I recall a time in the not-too-distant past—just over one year ago, say–when being a “war-time president” carried a certain aura of sanctity, lest criticism of the Commander-in-Chief demoralize the troops fighting that “war.” Times have changed along with the administration. Such is the way of politics. But the implication that decisions taken by the Obama administration contributed either to the hatching of the 12/25 plot or to the failure to detect it strikes me as particularly opportunistic. Any alleged failures in the intelligence community were a long time brewing; the idea that bureaucracies as large and sclerotic as those governing intelligence gathering and analysis suddenly took a new direction after January 2009 is absurd. Yet here is former Navy Secretary and 9/11 Commission member John Lehman alleging that:
The president [that would be President Obama, BTW, not Bush] has ignored the 9/11 Commission’s report. This whole idea that we can fix things by jumping higher and faster is ridiculous. The fact is that the system worked just like we said it would work if the president failed to give the Director of National Intelligence the tools he needs: it’s bloated, bureaucratic, layered, and stultified.
The 9/11 Commission report came out in 2004; any failure to “give the Director of National Intelligence the tools he needs” or to fix bureaucratic bloat would have happened on the last watch. If Lehman was aware of intelligence tools that the DNI needed that Obama was withholding, he should have spoken up before this.
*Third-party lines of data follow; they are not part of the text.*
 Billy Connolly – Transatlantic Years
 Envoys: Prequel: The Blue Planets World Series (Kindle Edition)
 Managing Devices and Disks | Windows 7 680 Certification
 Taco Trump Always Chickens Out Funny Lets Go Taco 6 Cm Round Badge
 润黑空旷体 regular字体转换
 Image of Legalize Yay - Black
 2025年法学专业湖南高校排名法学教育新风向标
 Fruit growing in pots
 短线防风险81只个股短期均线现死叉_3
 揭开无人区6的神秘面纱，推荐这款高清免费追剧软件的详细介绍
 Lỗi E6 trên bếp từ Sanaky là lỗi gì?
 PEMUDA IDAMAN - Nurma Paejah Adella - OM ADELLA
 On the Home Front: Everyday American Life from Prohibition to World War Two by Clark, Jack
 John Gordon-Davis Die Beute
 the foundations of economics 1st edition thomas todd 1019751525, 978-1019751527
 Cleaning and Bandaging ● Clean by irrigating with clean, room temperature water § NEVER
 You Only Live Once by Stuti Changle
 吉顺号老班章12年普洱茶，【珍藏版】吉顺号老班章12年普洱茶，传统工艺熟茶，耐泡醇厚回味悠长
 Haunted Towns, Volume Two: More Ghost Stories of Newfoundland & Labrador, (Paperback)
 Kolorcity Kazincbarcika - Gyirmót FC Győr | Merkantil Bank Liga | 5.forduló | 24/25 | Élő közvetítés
Bush Attorney General Michael Mukasey rehearses the usual litany of missed clues that allegedly were clear enough to have detected Abdulmutallab’s plot:
These included Abdulmutallab’s father’s warning to the State Department that his son was being radicalized and had gone to Yemen; the one-way ticket purchased for cash; no luggage; and intercepted communication referring to a plot involving “the Nigerian” in Yemen.
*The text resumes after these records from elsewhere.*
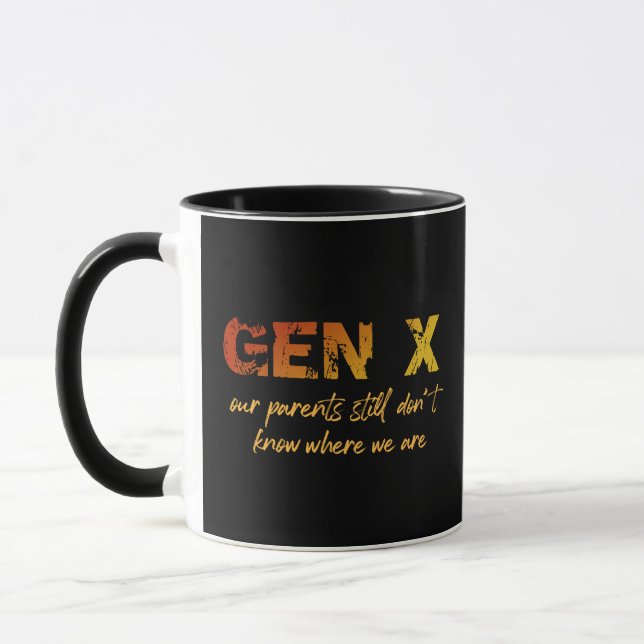 Taza GenX—Nuestros padres todavía no saben dónde estamo (Izquierda)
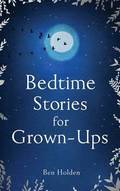 Bedtime Stories for Grown-ups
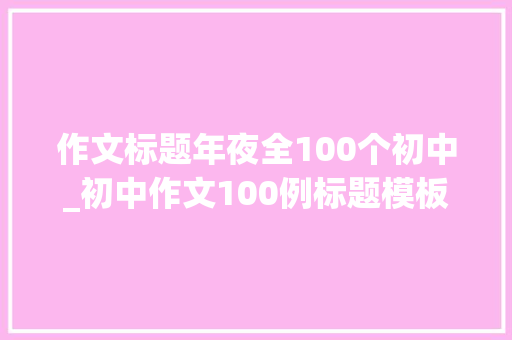 作文标题年夜全100个初中_初中作文100例标题模板特别新颖能为孩子的作文加分 生活范文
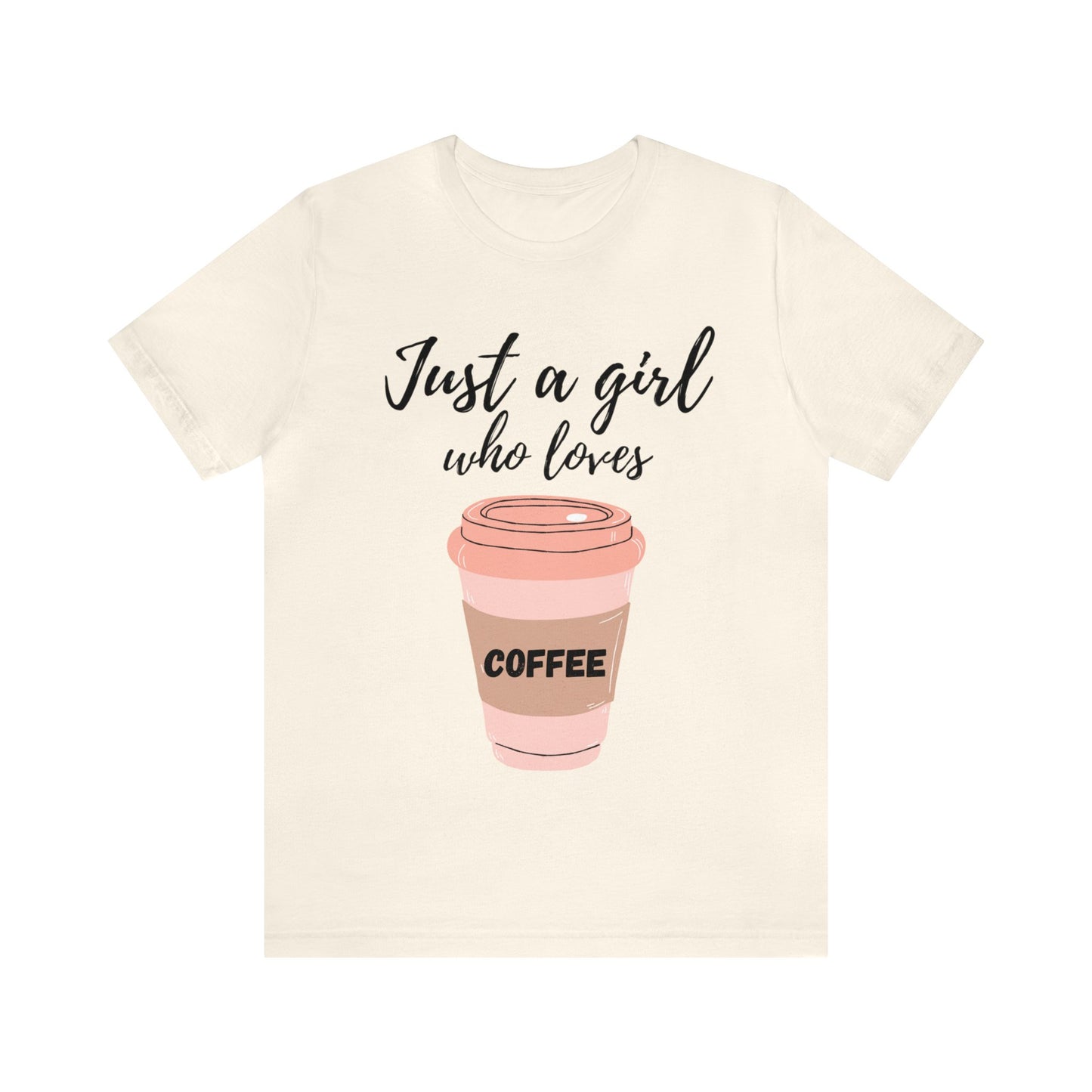 Just A Girl Who Loves Coffee T Shirt For Women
But Mukasey does not explain how Obama’s directives resulted in the “dots” remaining unconnected. Was there suddenly a command to pay less attention to passengers who pay cash for tickets? Even if the prevailing assumption is correct that a perfect intelligence system could put together all nascent terror possibilities and plots out of the millions of points of intelligence gathered every day, the reasons why our current intelligence systems do not live up to that ideal accumulated over the last decade and before, in part thanks to pressures from privacy advocates, to which Bush and his predecessors acceded.
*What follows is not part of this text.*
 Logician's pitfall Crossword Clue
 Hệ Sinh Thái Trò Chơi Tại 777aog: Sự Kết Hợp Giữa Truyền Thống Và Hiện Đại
Marc Thiessen claims that Obama’s decision to shut down the CIA’s secret interrogation centers would have “caused another attack,” but for the actions of Abdulmutallab’s fellow passengers. He provides no evidence that we were anywhere close to finding the tracks of the relevant Al Qaeda branch before Obama shut down the program, or that we would have been likely to pick someone up over the last year who would have described or provided leads about the plot. Thiessen is absolutely correct that human intelligence is vital to making sense of signals intelligence, and that the decision to confine the CIA to Army Field Manual interrogation techniques carries a great risk of missed intelligence. But it is purely speculative whether that decision had any bearing on the present case. Surely the build-up of Al Qaeda in Yemen is not just a post-January 2009 phenomenon; officials prior to the current administration apparently missed its significance as well. (The CIA, of course, has not always enjoyed such conservative confidence regarding its War on Terror credentials.)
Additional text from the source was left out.